Q40. D is a 3-digit number such that the ratio of the number to the sum of its digits is least. What is the difference between the digit at the hundred's place and the digit at the unit's place of D?

Let the 3-digit number be 100X + 10Y + Z. The sum of its digits is X + Y + Z. We want to minimize the ratio (100X + 10Y + Z) / (X + Y + Z). To minimize this ratio, we generally look for numbers where the hundreds digit (X) is small, and the sum of digits (X+Y+Z) is large.
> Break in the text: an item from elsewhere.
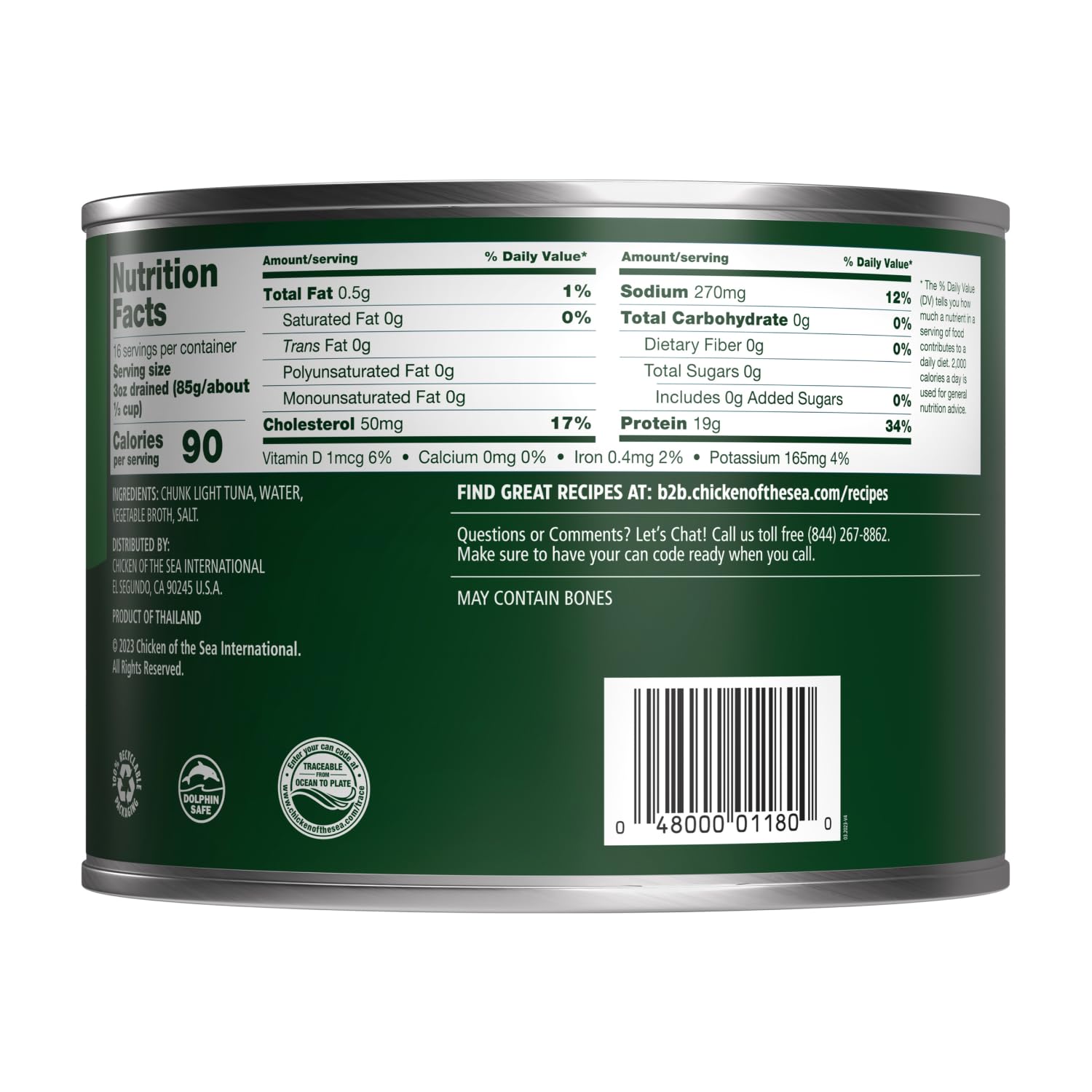 Premium Wild-Caught Chunk Light Tongol Tuna in Water - 66.5 oz Foodservice Size Can (Pack of 6) | High-Protein, Low-Mercury | Perfect for Salads, Sandwiches & Meal Prep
Let's test numbers starting with the smallest possible hundreds digit, X=1: - For 100, ratio = 100 / (1+0+0) = 100. - For 109, ratio = 109 / (1+0+9) = 10.9. - For 119, ratio = 119 / (1+1+9) = 10.81.

- For 199, ratio = 199 / (1+9+9) = 199/19 ≈ 10.47. If we try numbers with X=2, e.g., 299, the ratio is 299 / (2+9+9) = 299/20 = 14.95, which is higher than 10.47. As the hundreds digit increases, the numerator grows much faster than the denominator, so the ratio will increase.

Thus, the number D that yields the least ratio is 199. For D=199, the digit at the hundred's place is 1, and the digit at the unit's place is 9. The difference between these digits is |1 - 9| = 8.

This question requires numerical reasoning and systematic testing, a common type in CSAT.